Note:  there are two places to check for hints on R code.  One is the class notes (http://st47s.com/Math150/Notes/, see R Examples) and the other is the R manual associated with the textbook which is on Sakai.


## 1. Chp 9, A26

Provide a brief explanation of why the estimated variance of $\hat{S}_{KM}(0)$, and hence the standard error of $\hat{S}_{KM}(0)$, is equal to 0.

## 2. Chp 9, E4

Immediately after a heart transplant, patients are randomly assigned to two treatment therapies to improve recovery from the transplant, therapy 1 and therapy 2.  The patients are then followed for up to 5 years after their surgery.  Define the time-to-event random variable T as the time (in months) until recovery (the event)  after a heart transplant.  For each of the following study descriptions that involve T, sketch the graph of the survival curve (or curves) with as much detail as necessary.  Please note that parts (a) through (d) are independent of each other.

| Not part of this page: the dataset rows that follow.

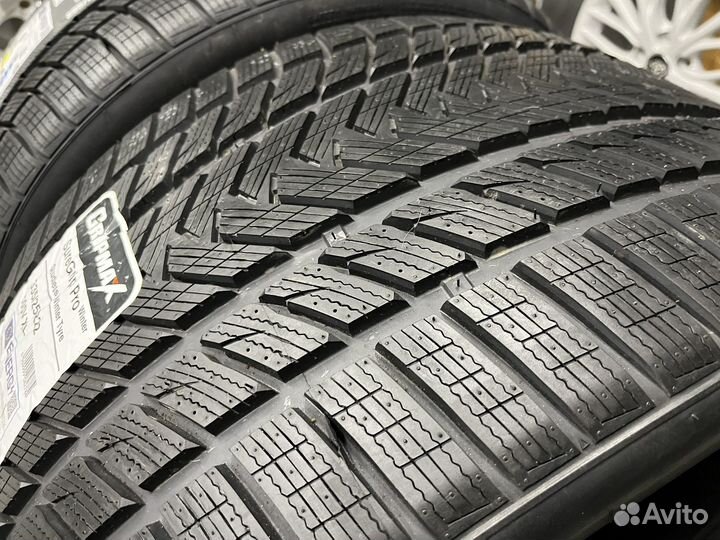 Gripmax SureGrip Pro Winter 295/30 R22 и 335/25 R22 103V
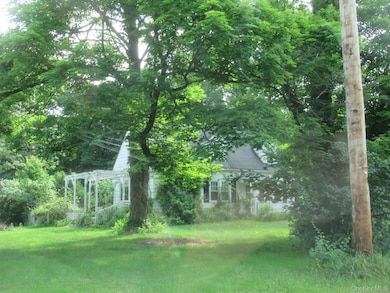 6 Erin Ct, Cornwall, NY 12518 - photo 2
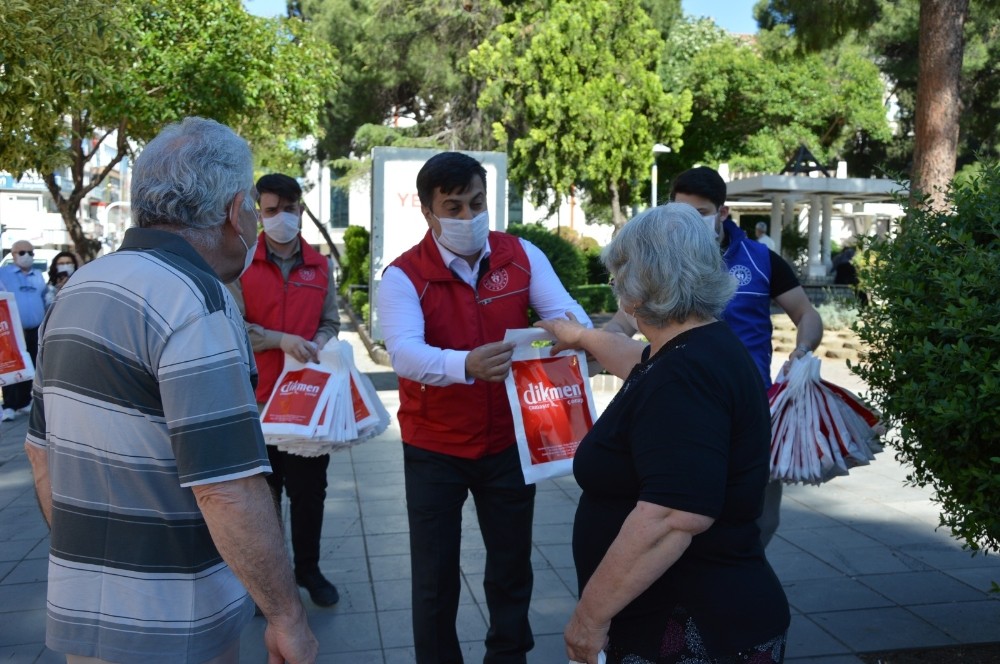 Bayramda çorap ve mendil geleneğini yaşattılar 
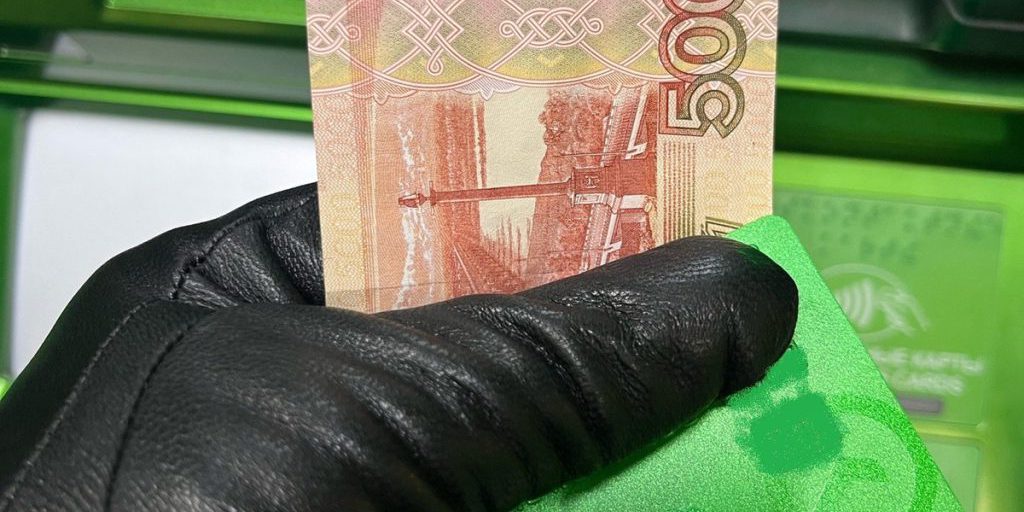 Орловец потратил с чужой карты 8 тысяч и оказался под подпиской о невыезде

(a) Therapy 1 is not very effective shortly after surgery, but everybody recovers before the study period is over.    

(b) Therapy 2 is very effective shortly after surgery, but becomes less effective after 3 years.  Not every patient fully recovers by the end of the study period.  

(c) Two curves on the same plot:  Therapy 1 is consistently more effective than Therapy 2 over time.  

(d) Two curves on the same plot:  Therapy 1 is more effective than Therapy 2 for the first 2.5 years, and then Therapy 2 is more effective than Therapy 1 for the remaining duration of the study.  

## 3. Chp 9, E6

The Kaplan-Meier curve in Figure 9.17 displays hypothetical estimated survival probabilities of death due to brain cancer, where time (from diagnosis) until death is measured in months.

(a) Is the largest event time censored or complete?  How do you know?  

(b) Use the curve to estimate the mean time until death due to brain cancer.

## 4. Chp 9, E11 Male Fruit Fly Longevity

(Lots to read in the text about the dataset.)

(a) Construct the Kaplan-Meier curve with a confidence interval for the `Fruitfly` data and describe the survival pattern for the fruitflies over time.  Use `Longevity` as the time-to-event variable.

(b) Construct the Kaplan-Meier curve for the lifetimes of the fruitflies by number of partners, using `Partners` as the grouping variable.  Briefly comment on the observed relationship between survival and number of female partners.

(c) Perform the log-rank and Wilcoxon tests.  Report the test statistics and p-values for both tests.  State the conclusions for both tests.  If the tests yield different conclusions, briefly explain why.

## 5. Chp 9, E12  VA Lung Cancer Study

(Lots to read in the text about the dataset.)

(a) Create a graph with both Kaplan-Meier curves to compare the survival time (use the variable `time) for subjects with the standard and the test chemotherapy treatment.  What do you observe about the survival probabilities for the groups of subjects?

(b) Conduct the log-rank test and the Wilcoxon test to compare the survival curves of both treatment groups.  Interpret the results.

(c) It may be beneficial to incorporate health as a variable in the analysis.  Patients with low Karnofsky scores are less healthy than patients with high Karnofsky scores.  Create four groups with the `Veteran` data: `trt=1` and Karnofsky score low, `trt=1` and Karnofsky score high, `trt=2` and Karnofsky score low, and `trt=2` and Karnofsky score high.  Recall that it is often best to keep sample sizes as equivalent as possible when you determine what is a low or high Karnofsky score.  Create a Kaplan-Meier curve for each of the four groups.  Conduct the log-rank test and the Wilcoxon test to compare the survival curves of the four groups.  (While we have only discussed using these tests to compare two groups, they can easily be extended to more than two groups.)  Did incorporating health into your analysis impact your conclusions?